Work item -
Output the full listing exactly.

Provided material -

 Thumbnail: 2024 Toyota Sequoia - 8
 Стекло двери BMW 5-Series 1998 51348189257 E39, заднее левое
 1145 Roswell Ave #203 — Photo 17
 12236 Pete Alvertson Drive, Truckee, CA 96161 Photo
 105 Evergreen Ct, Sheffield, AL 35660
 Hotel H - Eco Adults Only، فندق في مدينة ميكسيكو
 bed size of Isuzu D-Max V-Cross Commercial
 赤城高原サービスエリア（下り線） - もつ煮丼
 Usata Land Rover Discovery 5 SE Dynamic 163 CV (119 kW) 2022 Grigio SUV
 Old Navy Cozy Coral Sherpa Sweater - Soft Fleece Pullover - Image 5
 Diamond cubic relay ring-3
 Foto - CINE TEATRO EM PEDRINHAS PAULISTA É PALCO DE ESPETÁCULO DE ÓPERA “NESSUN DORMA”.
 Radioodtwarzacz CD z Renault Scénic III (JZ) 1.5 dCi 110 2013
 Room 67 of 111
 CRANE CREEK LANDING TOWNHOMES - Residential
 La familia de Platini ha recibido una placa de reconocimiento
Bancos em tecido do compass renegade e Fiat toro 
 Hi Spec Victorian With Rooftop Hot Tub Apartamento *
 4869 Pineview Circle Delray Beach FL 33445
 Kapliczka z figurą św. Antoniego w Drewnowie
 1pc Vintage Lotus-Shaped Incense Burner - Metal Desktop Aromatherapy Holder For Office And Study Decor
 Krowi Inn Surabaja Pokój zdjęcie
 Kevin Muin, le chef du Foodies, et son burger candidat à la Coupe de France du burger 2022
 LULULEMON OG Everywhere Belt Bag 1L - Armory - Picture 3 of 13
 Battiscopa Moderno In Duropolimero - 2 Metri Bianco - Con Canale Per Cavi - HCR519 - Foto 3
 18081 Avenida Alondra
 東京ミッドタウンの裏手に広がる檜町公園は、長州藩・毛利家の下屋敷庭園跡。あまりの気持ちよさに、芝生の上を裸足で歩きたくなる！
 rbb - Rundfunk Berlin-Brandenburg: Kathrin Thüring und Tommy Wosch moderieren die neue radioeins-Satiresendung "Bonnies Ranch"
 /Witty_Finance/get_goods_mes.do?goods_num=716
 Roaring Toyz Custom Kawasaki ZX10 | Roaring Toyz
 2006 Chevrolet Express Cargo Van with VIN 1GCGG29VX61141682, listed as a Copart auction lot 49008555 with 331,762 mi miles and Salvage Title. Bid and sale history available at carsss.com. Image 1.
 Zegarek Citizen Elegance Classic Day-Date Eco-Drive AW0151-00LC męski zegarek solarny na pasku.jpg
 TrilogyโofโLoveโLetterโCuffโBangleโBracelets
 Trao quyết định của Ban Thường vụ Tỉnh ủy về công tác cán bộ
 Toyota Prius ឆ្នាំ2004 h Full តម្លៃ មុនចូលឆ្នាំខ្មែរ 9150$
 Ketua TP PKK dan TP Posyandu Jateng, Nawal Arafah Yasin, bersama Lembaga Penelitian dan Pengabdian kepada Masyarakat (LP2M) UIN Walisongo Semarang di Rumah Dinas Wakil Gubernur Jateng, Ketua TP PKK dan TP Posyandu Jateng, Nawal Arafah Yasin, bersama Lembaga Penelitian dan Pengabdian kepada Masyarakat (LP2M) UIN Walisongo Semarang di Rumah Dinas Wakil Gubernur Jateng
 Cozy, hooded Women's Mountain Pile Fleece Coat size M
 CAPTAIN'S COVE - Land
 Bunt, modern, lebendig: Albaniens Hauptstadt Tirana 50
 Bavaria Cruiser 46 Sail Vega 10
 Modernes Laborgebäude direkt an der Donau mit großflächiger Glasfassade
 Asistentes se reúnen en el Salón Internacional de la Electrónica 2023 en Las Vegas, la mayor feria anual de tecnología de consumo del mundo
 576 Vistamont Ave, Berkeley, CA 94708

Answer to this task -
 Thumbnail: 2024 Toyota Sequoia - 8
 Стекло двери BMW 5-Series 1998 51348189257 E39, заднее левое
 1145 Roswell Ave #203 — Photo 17
 12236 Pete Alvertson Drive, Truckee, CA 96161 Photo
 105 Evergreen Ct, Sheffield, AL 35660
 Hotel H - Eco Adults Only، فندق في مدينة ميكسيكو
 bed size of Isuzu D-Max V-Cross Commercial
 赤城高原サービスエリア（下り線） - もつ煮丼
 Usata Land Rover Discovery 5 SE Dynamic 163 CV (119 kW) 2022 Grigio SUV
 Old Navy Cozy Coral Sherpa Sweater - Soft Fleece Pullover - Image 5
 Diamond cubic relay ring-3
 Foto - CINE TEATRO EM PEDRINHAS PAULISTA É PALCO DE ESPETÁCULO DE ÓPERA “NESSUN DORMA”.
 Radioodtwarzacz CD z Renault Scénic III (JZ) 1.5 dCi 110 2013
 Room 67 of 111
 CRANE CREEK LANDING TOWNHOMES - Residential
 La familia de Platini ha recibido una placa de reconocimiento
Bancos em tecido do compass renegade e Fiat toro 
 Hi Spec Victorian With Rooftop Hot Tub Apartamento *
 4869 Pineview Circle Delray Beach FL 33445
 Kapliczka z figurą św. Antoniego w Drewnowie
 1pc Vintage Lotus-Shaped Incense Burner - Metal Desktop Aromatherapy Holder For Office And Study Decor
 Krowi Inn Surabaja Pokój zdjęcie
 Kevin Muin, le chef du Foodies, et son burger candidat à la Coupe de France du burger 2022
 LULULEMON OG Everywhere Belt Bag 1L - Armory - Picture 3 of 13
 Battiscopa Moderno In Duropolimero - 2 Metri Bianco - Con Canale Per Cavi - HCR519 - Foto 3
 18081 Avenida Alondra
 東京ミッドタウンの裏手に広がる檜町公園は、長州藩・毛利家の下屋敷庭園跡。あまりの気持ちよさに、芝生の上を裸足で歩きたくなる！
 rbb - Rundfunk Berlin-Brandenburg: Kathrin Thüring und Tommy Wosch moderieren die neue radioeins-Satiresendung "Bonnies Ranch"
 /Witty_Finance/get_goods_mes.do?goods_num=716
 Roaring Toyz Custom Kawasaki ZX10 | Roaring Toyz
 2006 Chevrolet Express Cargo Van with VIN 1GCGG29VX61141682, listed as a Copart auction lot 49008555 with 331,762 mi miles and Salvage Title. Bid and sale history available at carsss.com. Image 1.
 Zegarek Citizen Elegance Classic Day-Date Eco-Drive AW0151-00LC męski zegarek solarny na pasku.jpg
 TrilogyโofโLoveโLetterโCuffโBangleโBracelets
 Trao quyết định của Ban Thường vụ Tỉnh ủy về công tác cán bộ
 Toyota Prius ឆ្នាំ2004 h Full តម្លៃ មុនចូលឆ្នាំខ្មែរ 9150$
 Ketua TP PKK dan TP Posyandu Jateng, Nawal Arafah Yasin, bersama Lembaga Penelitian dan Pengabdian kepada Masyarakat (LP2M) UIN Walisongo Semarang di Rumah Dinas Wakil Gubernur Jateng, Ketua TP PKK dan TP Posyandu Jateng, Nawal Arafah Yasin, bersama Lembaga Penelitian dan Pengabdian kepada Masyarakat (LP2M) UIN Walisongo Semarang di Rumah Dinas Wakil Gubernur Jateng
 Cozy, hooded Women's Mountain Pile Fleece Coat size M
 CAPTAIN'S COVE - Land
 Bunt, modern, lebendig: Albaniens Hauptstadt Tirana 50
 Bavaria Cruiser 46 Sail Vega 10
 Modernes Laborgebäude direkt an der Donau mit großflächiger Glasfassade
 Asistentes se reúnen en el Salón Internacional de la Electrónica 2023 en Las Vegas, la mayor feria anual de tecnología de consumo del mundo
 576 Vistamont Ave, Berkeley, CA 94708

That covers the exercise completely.